Tuesday, June 10, 2008

Idempotent Messages

I know in my last post I said we'd be continuing our outsourcing example. However before doing so I need to explain the concept of idempotent messages (you'll understand why when you read my next post).

Idempotence is actually not so much a property of the message, but a property of how the message is handled by the receiving service. A message is idempotent if the service operation that processes it yields the same result regardless of the number of times the message is received.

Some operations are idempotent by nature, whereas others require special treatment in order to become idempotent. Read only operations by their very nature are idempotent because they don't have any lasting effect. An "update customer" operation is idempotent because no matter how many times you update the customer with the same information, it yields the same result.

Operations such as "transfer $100 from account X to account Y" however are not idempotent. If the same message is replayed 10 times, then $1,000 will be transferred over 10 transactions. In these cases we need a mechanism to detect the duplicate messages and ignore them.

In some cases duplicates are easy to detect. For example, if we receive a ShipOrderRequest message containing an order number and store the order number in the Shipping service database, then all we need to do when receiving a ShipOrderRequest message is check the Shipping database for the given order number and if found, disregard the request.

Some scenarios require a bit more effort from the service consumer. Consider the account transfer operation described above. In this case, there is nothing in the message to identify that we have already processed that message. We cannot differentiate between a duplicate and another legitimate request to transfer $100 between the same accounts.

In such cases what we do is require that the service consumer place a unique message ID in each request message. A GUID works well for this. The receiving service can then store the message ID against the resultant account transfer transaction record in the database. Before processing a message, the receiving service checks the transaction table to see if the given message ID is already present. If so the request message is discarded.

So why go to all this effort? Under what circumstances do we need idempotent messages? Well so far in our discussions to date I have assumed the use of a transactional guaranteed message delivery transport (such as MSMQ). Such transports handle the detection and removal of duplicate messages as part of the messaging infrastructure.

Furthermore a transactional transport allows us to remove a message from a queue or topic as part of a broader distributed transaction. This means that the message is not lost if the service fails to process it.

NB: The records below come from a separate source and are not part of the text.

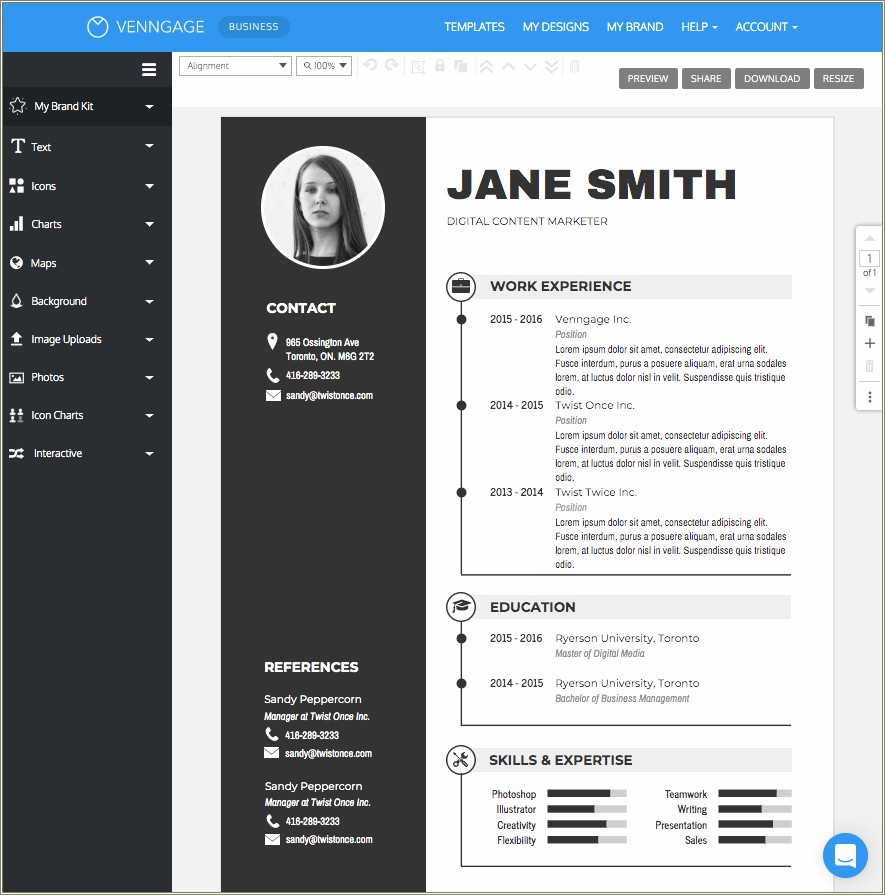 create simple resume online free for freshers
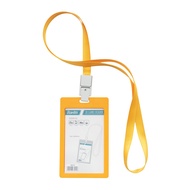 [Zada] Larnyard 54x90mm Portarit ID Card HolderBANTEX mango 8865 64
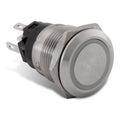 PUSH BUTTON POWER SWITCH, GREEN HAL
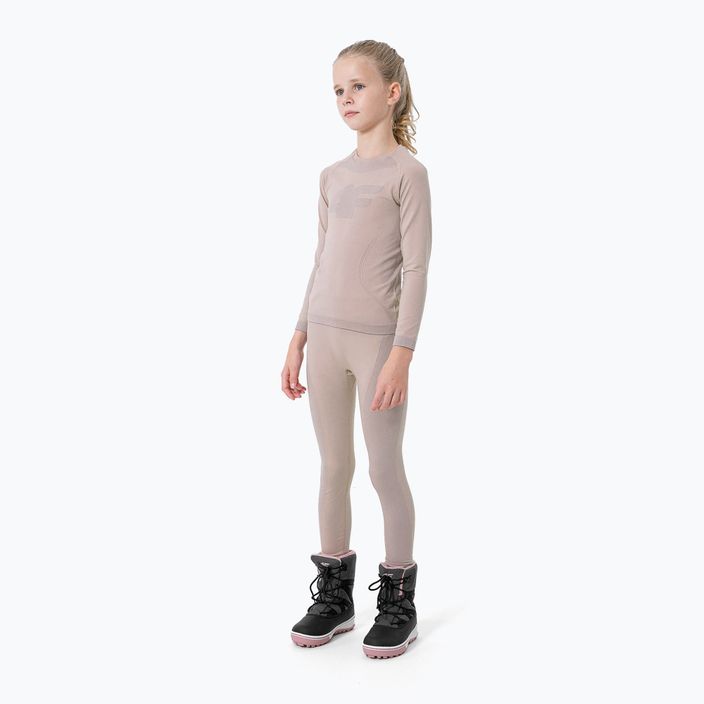 Children's thermal underwear 4F pink 4FJAW22USEAF017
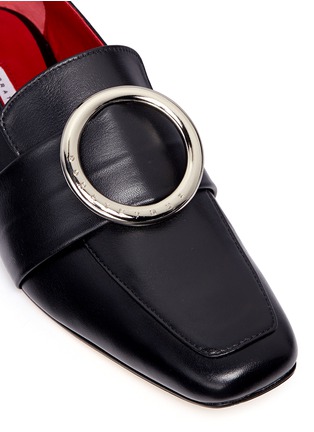 Detail View - Click To Enlarge - DORATEYMUR - 'Harput' round buckle leather loafers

A failure results in the message being placed back on the queue or topic. I'll cover transactional services in more detail in a future post.

However such transports are not always available. For example when integrating with third party organisations, we generally tend to rely on Web services over an HTTP transport. HTTP does not guarantee delivery.

The problem with this is that when a failure occurs (e.g. the connection fails), the service consumer cannot determine whether or not the request message was actually successfully delivered and processed. Now for some situations, losing a message isn't very important. For example if someone is sending us weather updates every minute, it may not matter if we lose one because there'll be another along shortly.

However for other situations, we require a guaranteed message delivery service level agreement. This is only achievable over an unreliable transport if the consumer resends the message over and over until it receives confirmation from the service provider in the form of a response message that the original message has been successfully processed.

Now this is fine if the message is lost en route to the service provider. But what if the message was successfully processed and the confirmation response message is lost on its way back to the service consumer? The consumer will resend the request message and the service provider will receive and process the message twice.

When the operation performed by the service provider in response to receiving this message is not naturally idempotent, the service provider must detect the duplicate message and disregard it.

Of course this is a lot of extra effort to go to when implementing your service logic. So use transactional guaranteed delivery transports where available and appropriate. They'll save you a lot of time.